Auf einen «Face-to-Face-Wahlkampf» setzen auch die Grünliberalen – unter anderem mangels Alternativen. Die GLP Schweiz hat den Zugern 10’000 Franken bewilligt, die laut Nationalratskandidat Stefan W. Huber kaum für den Druck von 70’000 Flyern und ein paar Plakaten ausreichen. Daneben werden in bescheidenem Umfang persönliche Mittel investiert – die in die Onlinewerbung fliessen. «Wir verstehen unseren Wahlkampf als spannende Erfahrung, in welcher Authentizität, Transparenz und Unabhängigkeit im Zentrum steht», sagt Huber. «Dazu brauchen wir keine Heissluftballone und Monsterplakate, unser politisches Programm genügt uns.»

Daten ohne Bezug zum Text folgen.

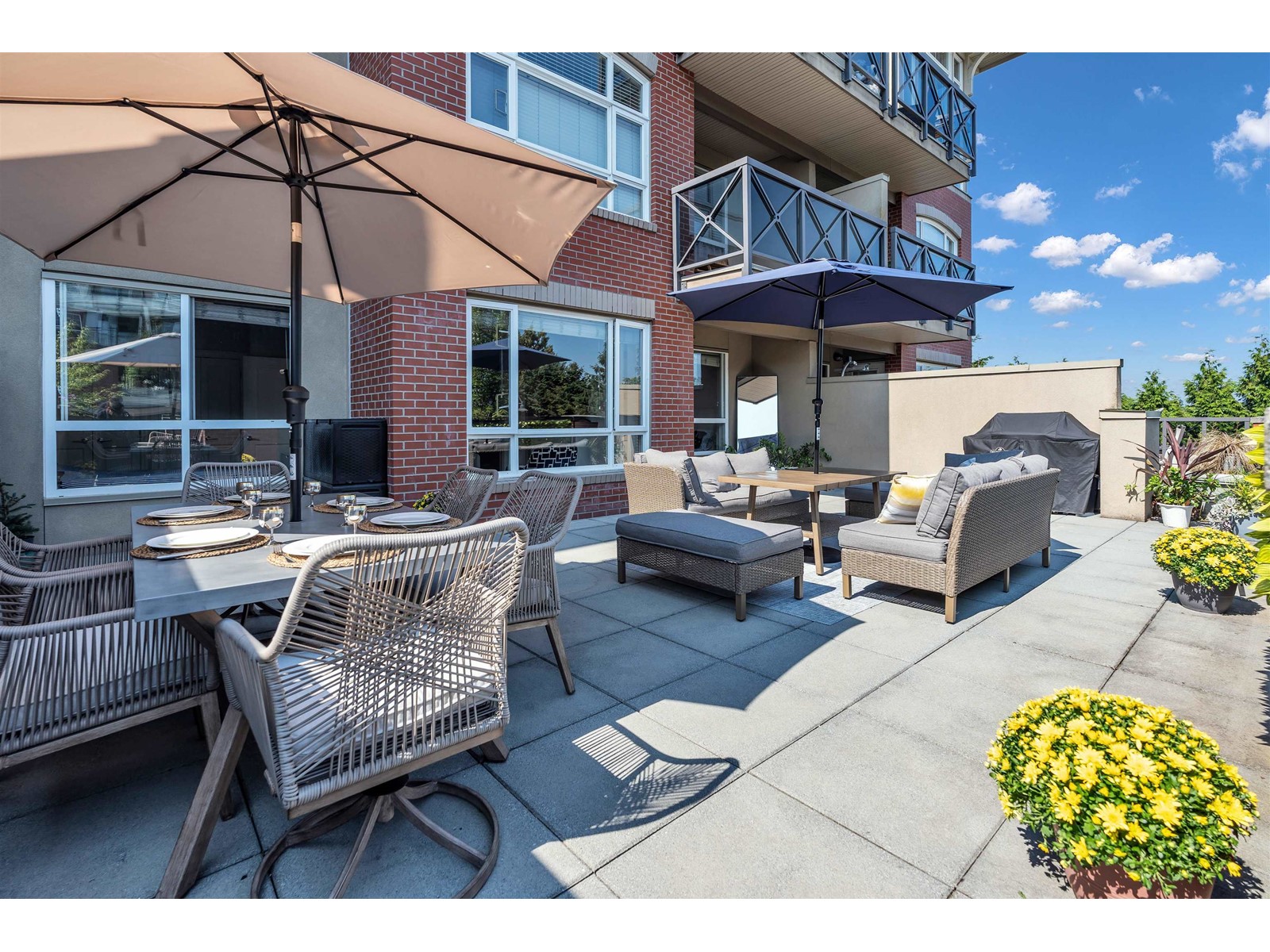 223 2970 King George Boulevard, Surrey, British Columbia  V4P 0E6 - Photo 1 - R2977602
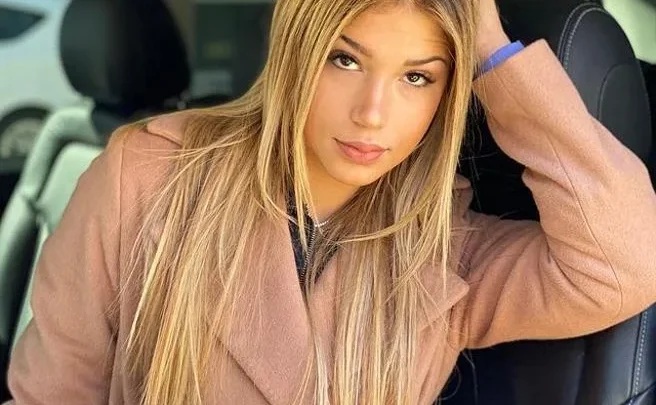 Alice de Bortoli Biography: Net Worth, Spouse, Age, Height, Parents, Modelling Career, Instagram, Ethnicity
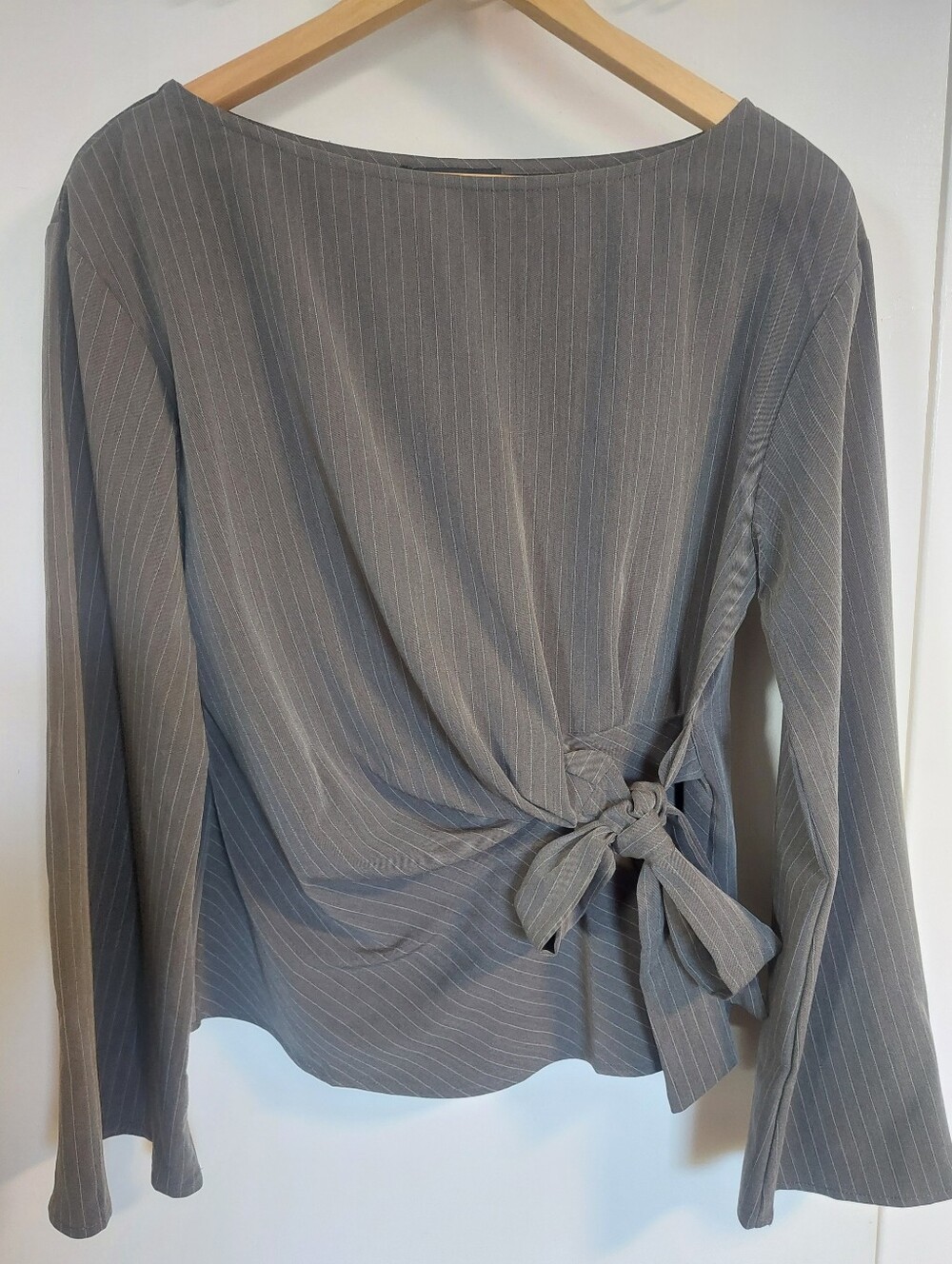 Cider Gray Pinstripe Long Sleeve Tie-Front Top - Picture 6 of 7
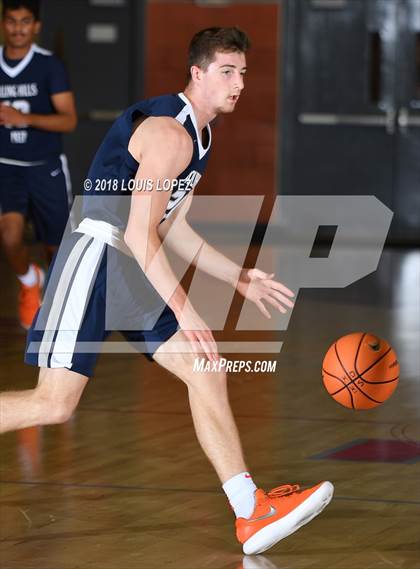 Thumbnail 2 in Corona del Mar vs. Rolling Hills Prep (Nike Extravaganza) photogallery.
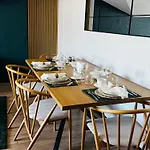 уютни планински с басейн в комплекс алпин лодж Apartment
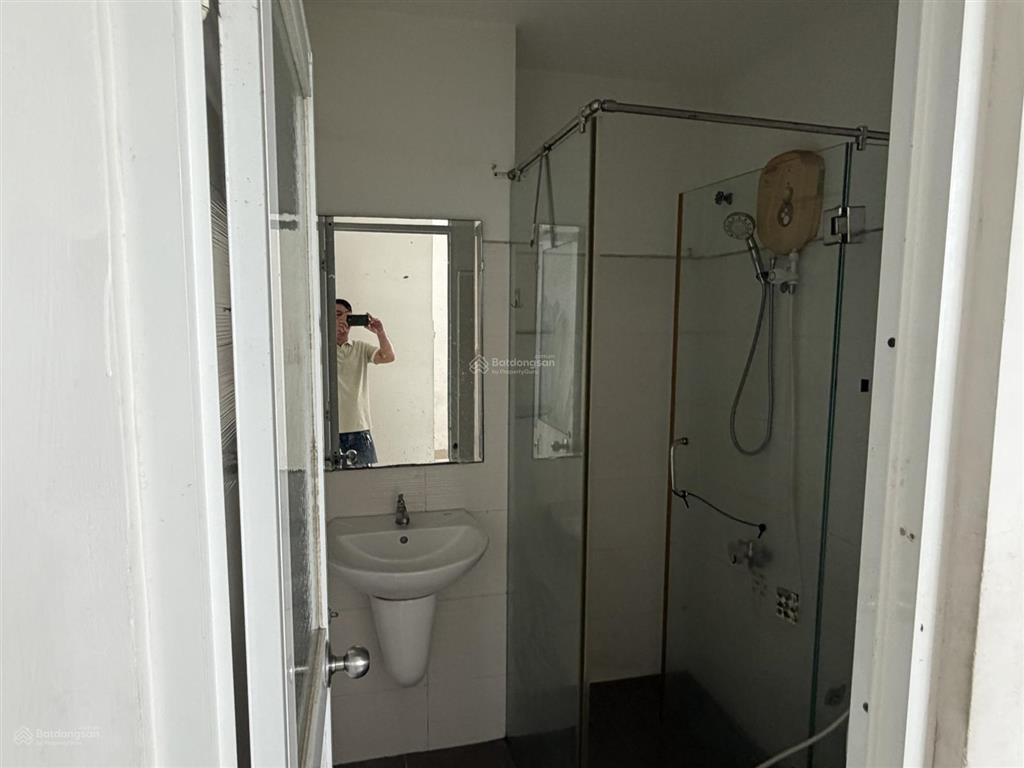 Bán căn góc đầu hồi căn hộ belleza, dt 45m2, 1pn, 1wc, lầu cao, thoáng mát, giá 2.6 tỷ sổ hồng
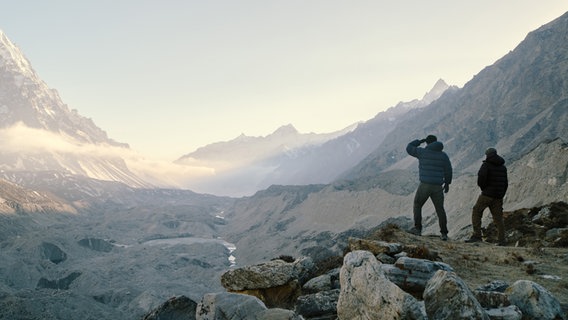 Dennis und Patrick am Fuß des Kanchenjunga, dem dritthöchsten Berg der Welt. © NDR 
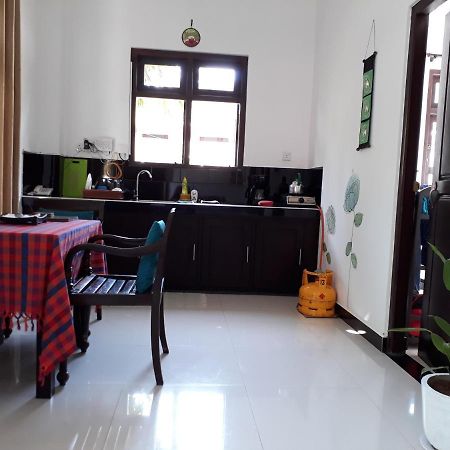 Apna Homestay Apartments Unawatuna Eksteriør billede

«Es ist leider eine Minderheit, die überhaupt wählen geht.»

Barbara Gysel, SP

Die Gelder sind auch bei der SP knapp. Die nationale Partei hat deswegen eine Crowdfunding-Aktion lanciert, um für die eidgenössischen Wahlen eine Plakataktion in den Kantonen zu finanzieren – ebenso wie übrigens die Jungen Alternativen des Kantons Zug.

Kampf gegen Wahlabstinenz

Dennoch mag Barbara Gysel, die für die SP als Ständerätin und auch als Nationalrätin kandidiert, keine Seitenhiebe verteilen. «Den hochsteigenden Heissluftballon der FDP finde ich persönlich für die Gesamtdemokratie gut», sagt sie.

Es sei toll, dass die Wahlkampagne so aktiv geführt werde. Man müsse mit allen Mitteln gegen Wahlabstinenz vorgehen. «Es ist leider eine Minderheit, die überhaupt wählen geht. Da stehen die politischen Parteien gemeinsam vor einer grossen gesellschaftlichen Herausforderung», so Gysel.

Immer mehr mediale Kanäle

Die SP setzt traditionell auf den direkten Kontakt mit Wählern. Kandidaten gehen von Tür zu Tür, auch diesmal wieder. Zusätzlich greift man auf koordinierte Telefonaktionen zurück – wie schon in der Vergangenheit.

«Am Schluss zählt jede Stimme für das Ganze; so versuchen wir zu punkten», sagt Gysel zum bunten Strauss von Wahlkampfmassnahmen. Vor vier Jahren habe man dies erstmals ausprobiert. «Es hat funktioniert, sodass wir heuer versuchen, an diesen Erfolg anzuknüpfen», sagt die Präsidentin jener Partei, die 21 Kandidaten auf sieben Listen ins Rennen um die drei Zuger Nationalratssitze schickt.

«Heutzutage, mit derart vielen medialen Möglichkeiten, wird der Wahlkampf für die Parteien immer herausfordernder», resümiert Gysel. Denn man wolle schliesslich auch an Personen herantreten, die nicht traditionelle Urnengänger sind.